» **AIM OF THE EXERCISE**
Without including any pictures, retype exactly the lines from the top of the records through the line containing "Lit Coffre 160x200", that final line included.

- Opening Delimiter -

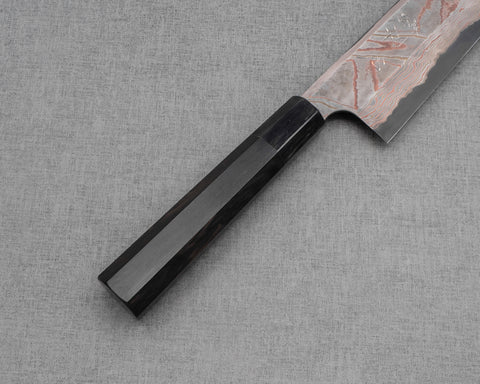 Hatsukokoro / Nigara Aogami #2 Kurosome Colored Damascus 270mm Kiritsuke Gyuto with Ebony Black Buffalo Horn Handle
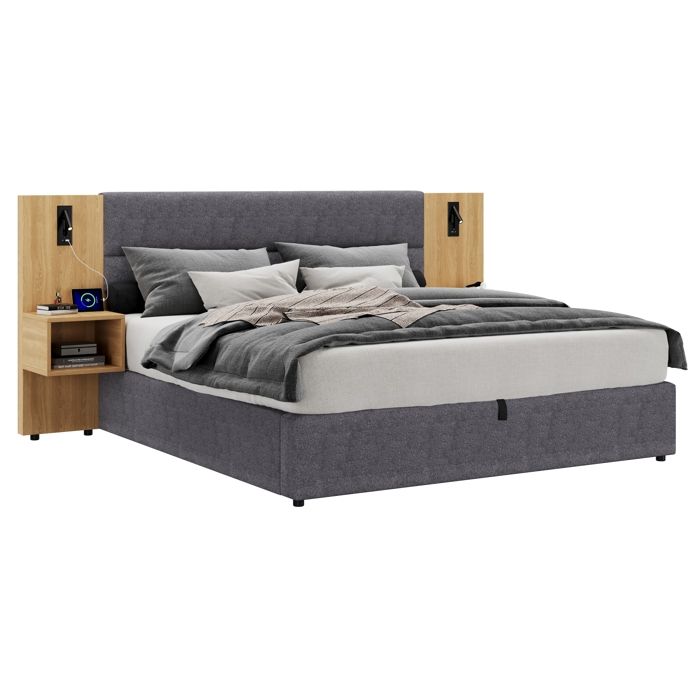 Lit Coffre 160x200 cm - Lit Double avec Rangement 2 Tables de Chevet Tête Capitonnée à Oreilles Larges - Velours Gris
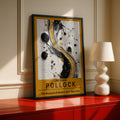 Jackson Pollock Abstract Art Poster, Black Gold Drip Print, MoMA Wall Art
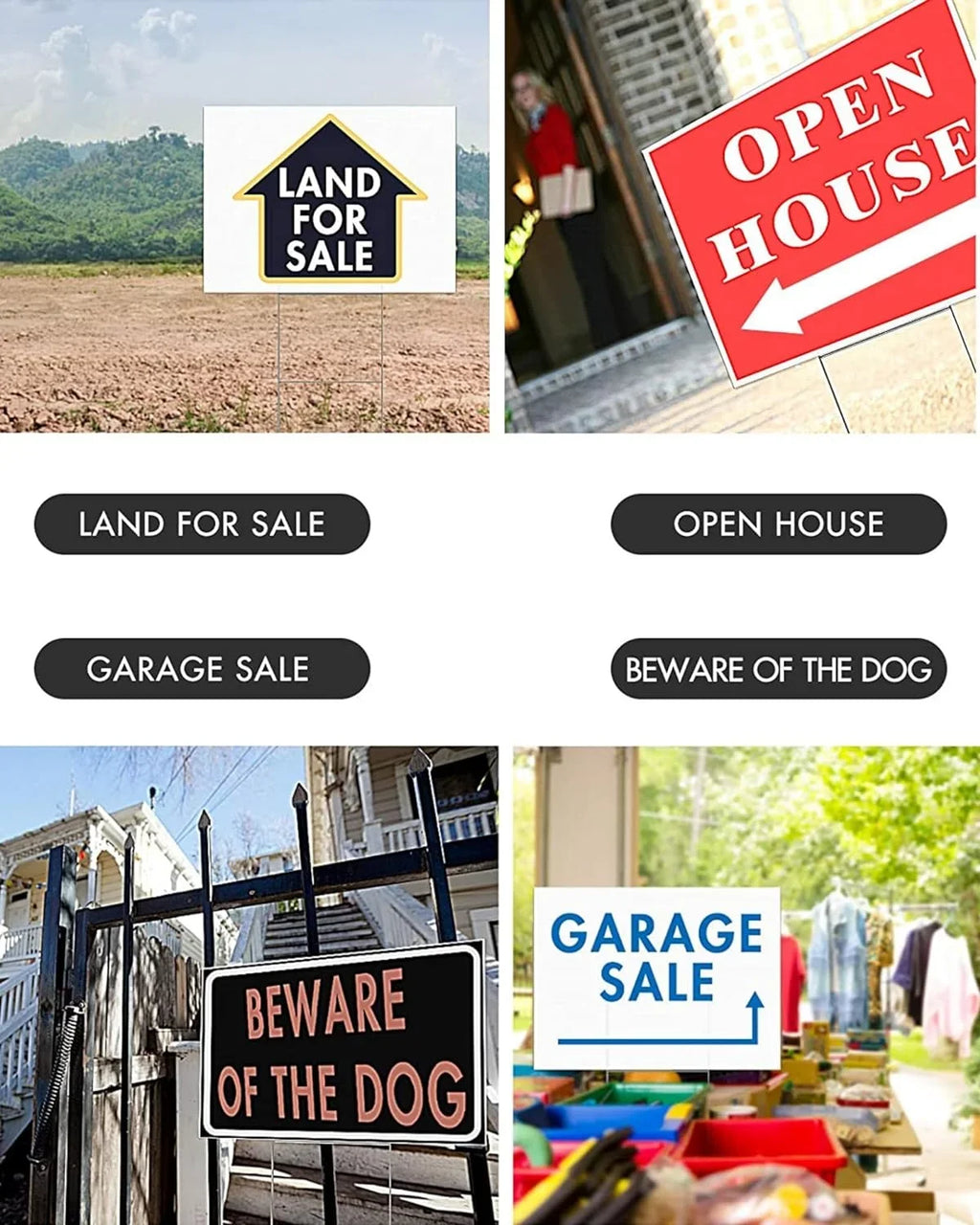 17 for House Pack 12 Blank Rent,Party Garden White Birthday, Sale Inches Lawn 4 Thten Signs Guidepost, Decorations, Stakes, Yard Signs Garage Yard Open Garage Happy Sign x with Sale, Large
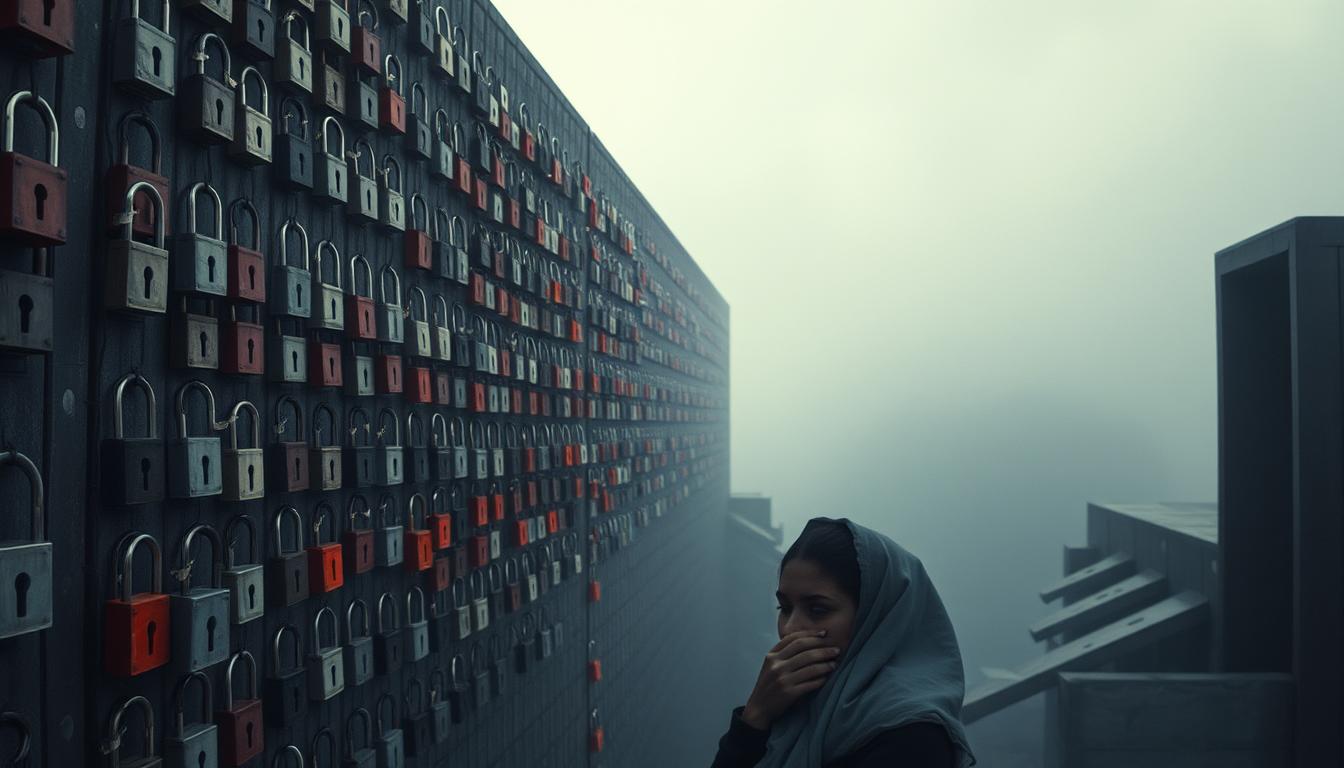 A vast digital divide, a chasm of inequality, where some grasp the power of AI, while others remain left behind. In the foreground, a towering wall of locked doors, each representing a crucial AI tool - inaccessible to the masses. The middle ground depicts individuals, their faces etched with frustration, yearning to cross this technological barrier. The background fades into a hazy, dystopian landscape, a stark contrast to the promise of AI-driven progress. Dim lighting casts an ominous tone, underscoring the systemic challenges of equitable access. This image conveys the urgent need to bridge the digital divide, ensuring that the transformative potential of AI is within reach for all.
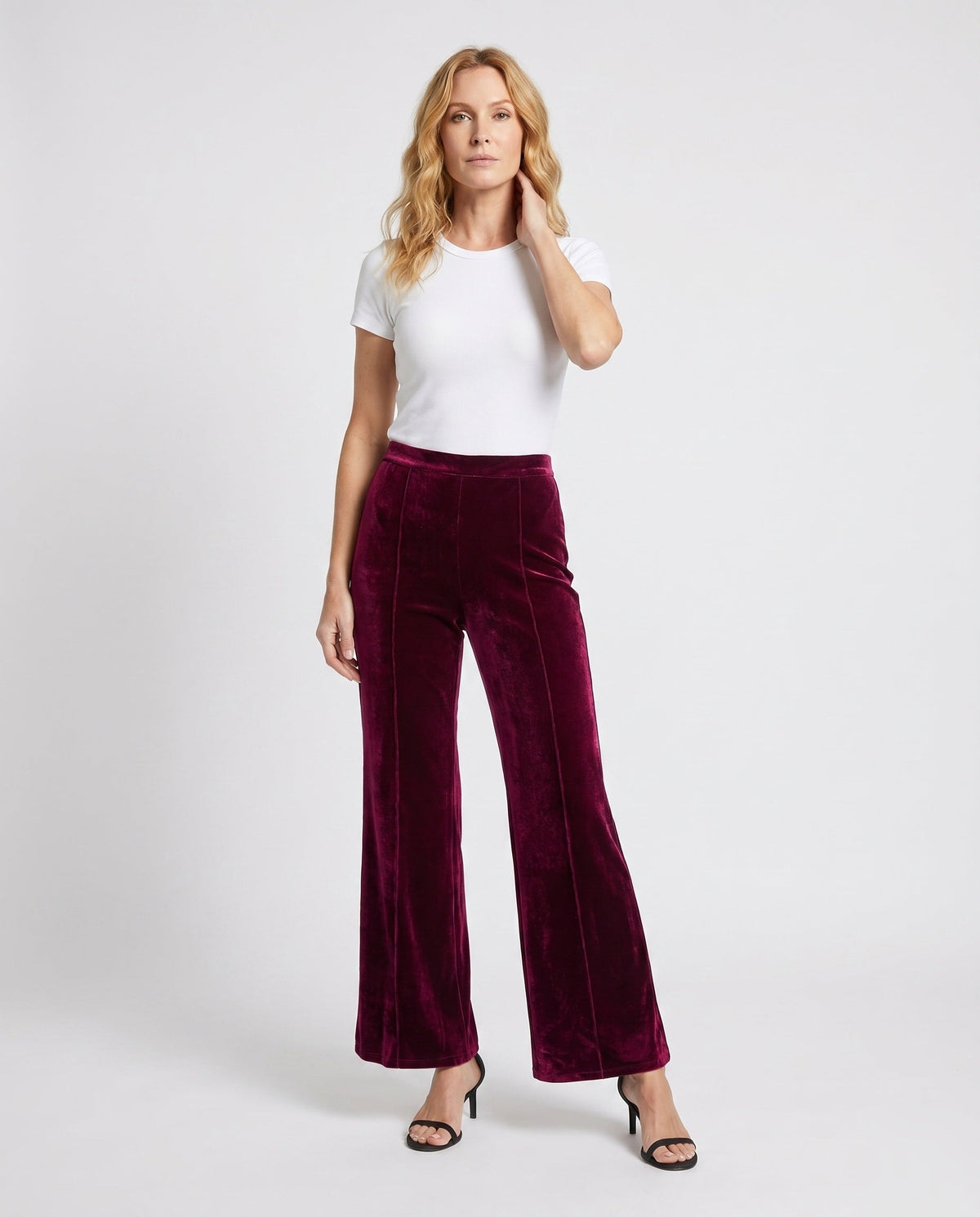 High-Waisted Flared Corduroy Pants for Women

- Closing Delimiter -

» **SOLUTION TO THE EXERCISE**
 Hatsukokoro / Nigara Aogami #2 Kurosome Colored Damascus 270mm Kiritsuke Gyuto with Ebony Black Buffalo Horn Handle
 Lit Coffre 160x200 cm - Lit Double avec Rangement 2 Tables de Chevet Tête Capitonnée à Oreilles Larges - Velours Gris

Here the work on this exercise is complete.